While it may be tempting to give yourself a free 60-day loan, there’s no need to taunt the rollover gods by risking inadvertent violation of the 60-day limit. If you do take a distribution from your IRA intending to make a 60-day rollover, but for some reason the funds don’t get to the new IRA trustee in time, the tax impact can be significant. In general, the rollover is invalid, the distribution becomes a taxable event, and you’re treated as having made a regular, instead of a rollover, contribution to the new IRA.
But all may not be lost. The 60-day requirement is automatically waived if all of the following apply:
- A financial institution actually receives the funds within the 60-day rollover period.
- You followed the financial institution’s procedures for depositing funds into an IRA within the 60-day period.
- The funds are not deposited in an IRA within the 60-day rollover period solely because of an error on the part of the financial institution.
- The funds are deposited within one year from the beginning of the 60-day rollover period.
- The rollover would have been valid if the financial institution had deposited the funds as instructed.
If you don’t qualify for this limited automatic waiver, the IRS can waive the 60-day requirement “where failure to do so would be against equity or good conscience,” such as a casualty, disaster, or other event beyond your reasonable control. However, you’ll need to request a private letter ruling from the IRS, an expensive proposition — the filing fee alone is currently $10,000.

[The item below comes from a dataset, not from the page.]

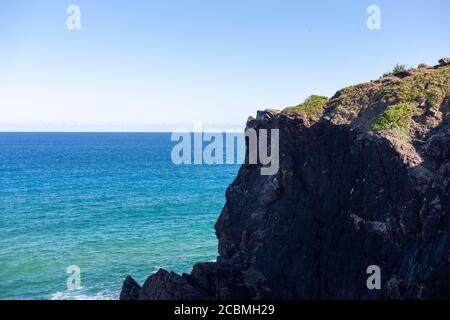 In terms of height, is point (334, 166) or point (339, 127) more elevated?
point (339, 127)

Thankfully, the IRS introduced a third way to seek a waiver of the 60-day requirement: self-certification. Under the procedure, which has no IRS fee, if you want to make a rollover but the 60-day limit has expired, you can simply send a letter (IRS Revenue Procedure 2016-47 contains a sample) to the plan administrator or IRA trustee/custodian certifying that you missed the 60-day deadline due to one of the following 11 reasons:
- The financial institution receiving the contribution, or making the distribution to which the contribution relates, made an error.
- You misplaced and never cashed a distribution made in the form of a check.
- Your distribution was deposited into and remained in an account that you mistakenly thought was an eligible retirement plan.
- Your principal residence was severely damaged.
- A member of your family died.
- You or a member of your family was seriously ill.
- You were incarcerated.
- Restrictions were imposed by a foreign country.
- A postal error occurred.
- Your distribution was made as a result of an IRS tax levy, and the proceeds of the levy have been returned to you.
- The party making the distribution delayed providing information that the receiving plan or IRA needed to complete the rollover, despite your reasonable efforts to obtain the information.
To qualify for this procedure, you must make your rollover contribution to the employer plan or IRA as soon as practicable after the applicable reason(s) above no longer prevent you from doing so. In general, a rollover contribution made within 30 days is deemed to satisfy this requirement.
The downside of self-certification is that this self-certification process is not an automatic waiver by the IRS of the 60-day rollover requirement. The self-certification simply allows you and the financial institution to treat and report the contribution as a valid rollover. If you’re subsequently audited, the IRS can still review whether your contribution met the requirements for a waiver. For this reason, some taxpayers may still prefer the certainty of a private letter ruling from the IRS.